● **Exercise instructions**: Print out the records in full, keeping each word unchanged.

● **Records supplied**:
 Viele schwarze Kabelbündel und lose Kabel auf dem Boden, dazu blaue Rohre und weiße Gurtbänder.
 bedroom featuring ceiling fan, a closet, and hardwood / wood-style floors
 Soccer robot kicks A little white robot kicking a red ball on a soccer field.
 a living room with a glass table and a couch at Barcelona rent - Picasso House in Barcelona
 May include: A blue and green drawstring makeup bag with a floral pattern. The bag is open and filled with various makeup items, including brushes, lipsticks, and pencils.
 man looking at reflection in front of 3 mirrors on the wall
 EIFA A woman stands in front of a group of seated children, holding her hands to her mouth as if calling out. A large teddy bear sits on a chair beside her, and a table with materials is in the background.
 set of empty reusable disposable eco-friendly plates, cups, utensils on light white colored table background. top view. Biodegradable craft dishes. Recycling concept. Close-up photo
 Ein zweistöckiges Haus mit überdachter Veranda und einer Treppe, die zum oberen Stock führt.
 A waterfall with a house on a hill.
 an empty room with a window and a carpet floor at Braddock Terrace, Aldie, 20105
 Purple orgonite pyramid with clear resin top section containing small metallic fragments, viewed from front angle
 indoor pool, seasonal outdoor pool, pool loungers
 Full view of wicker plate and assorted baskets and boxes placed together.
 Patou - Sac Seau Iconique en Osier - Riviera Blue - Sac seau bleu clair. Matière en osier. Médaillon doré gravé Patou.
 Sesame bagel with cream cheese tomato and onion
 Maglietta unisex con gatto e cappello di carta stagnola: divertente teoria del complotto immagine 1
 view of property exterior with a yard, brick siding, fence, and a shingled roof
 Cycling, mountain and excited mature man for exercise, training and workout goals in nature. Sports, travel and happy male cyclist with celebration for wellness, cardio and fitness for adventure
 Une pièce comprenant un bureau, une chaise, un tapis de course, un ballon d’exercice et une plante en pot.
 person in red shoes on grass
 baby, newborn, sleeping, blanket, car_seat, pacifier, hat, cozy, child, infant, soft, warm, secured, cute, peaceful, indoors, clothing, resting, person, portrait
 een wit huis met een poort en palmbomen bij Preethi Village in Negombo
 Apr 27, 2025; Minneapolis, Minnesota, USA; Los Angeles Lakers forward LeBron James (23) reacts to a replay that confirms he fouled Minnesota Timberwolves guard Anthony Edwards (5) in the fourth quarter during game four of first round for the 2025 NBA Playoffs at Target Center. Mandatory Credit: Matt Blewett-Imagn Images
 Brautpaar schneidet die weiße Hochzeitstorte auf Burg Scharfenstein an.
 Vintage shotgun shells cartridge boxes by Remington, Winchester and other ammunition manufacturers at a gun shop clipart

● **Response area**:
 Viele schwarze Kabelbündel und lose Kabel auf dem Boden, dazu blaue Rohre und weiße Gurtbänder.
 bedroom featuring ceiling fan, a closet, and hardwood / wood-style floors
 Soccer robot kicks A little white robot kicking a red ball on a soccer field.
 a living room with a glass table and a couch at Barcelona rent - Picasso House in Barcelona
 May include: A blue and green drawstring makeup bag with a floral pattern. The bag is open and filled with various makeup items, including brushes, lipsticks, and pencils.
 man looking at reflection in front of 3 mirrors on the wall
 EIFA A woman stands in front of a group of seated children, holding her hands to her mouth as if calling out. A large teddy bear sits on a chair beside her, and a table with materials is in the background.
 set of empty reusable disposable eco-friendly plates, cups, utensils on light white colored table background. top view. Biodegradable craft dishes. Recycling concept. Close-up photo
 Ein zweistöckiges Haus mit überdachter Veranda und einer Treppe, die zum oberen Stock führt.
 A waterfall with a house on a hill.
 an empty room with a window and a carpet floor at Braddock Terrace, Aldie, 20105
 Purple orgonite pyramid with clear resin top section containing small metallic fragments, viewed from front angle
 indoor pool, seasonal outdoor pool, pool loungers
 Full view of wicker plate and assorted baskets and boxes placed together.
 Patou - Sac Seau Iconique en Osier - Riviera Blue - Sac seau bleu clair. Matière en osier. Médaillon doré gravé Patou.
 Sesame bagel with cream cheese tomato and onion
 Maglietta unisex con gatto e cappello di carta stagnola: divertente teoria del complotto immagine 1
 view of property exterior with a yard, brick siding, fence, and a shingled roof
 Cycling, mountain and excited mature man for exercise, training and workout goals in nature. Sports, travel and happy male cyclist with celebration for wellness, cardio and fitness for adventure
 Une pièce comprenant un bureau, une chaise, un tapis de course, un ballon d’exercice et une plante en pot.
 person in red shoes on grass
 baby, newborn, sleeping, blanket, car_seat, pacifier, hat, cozy, child, infant, soft, warm, secured, cute, peaceful, indoors, clothing, resting, person, portrait
 een wit huis met een poort en palmbomen bij Preethi Village in Negombo
 Apr 27, 2025; Minneapolis, Minnesota, USA; Los Angeles Lakers forward LeBron James (23) reacts to a replay that confirms he fouled Minnesota Timberwolves guard Anthony Edwards (5) in the fourth quarter during game four of first round for the 2025 NBA Playoffs at Target Center. Mandatory Credit: Matt Blewett-Imagn Images
 Brautpaar schneidet die weiße Hochzeitstorte auf Burg Scharfenstein an.
 Vintage shotgun shells cartridge boxes by Remington, Winchester and other ammunition manufacturers at a gun shop clipart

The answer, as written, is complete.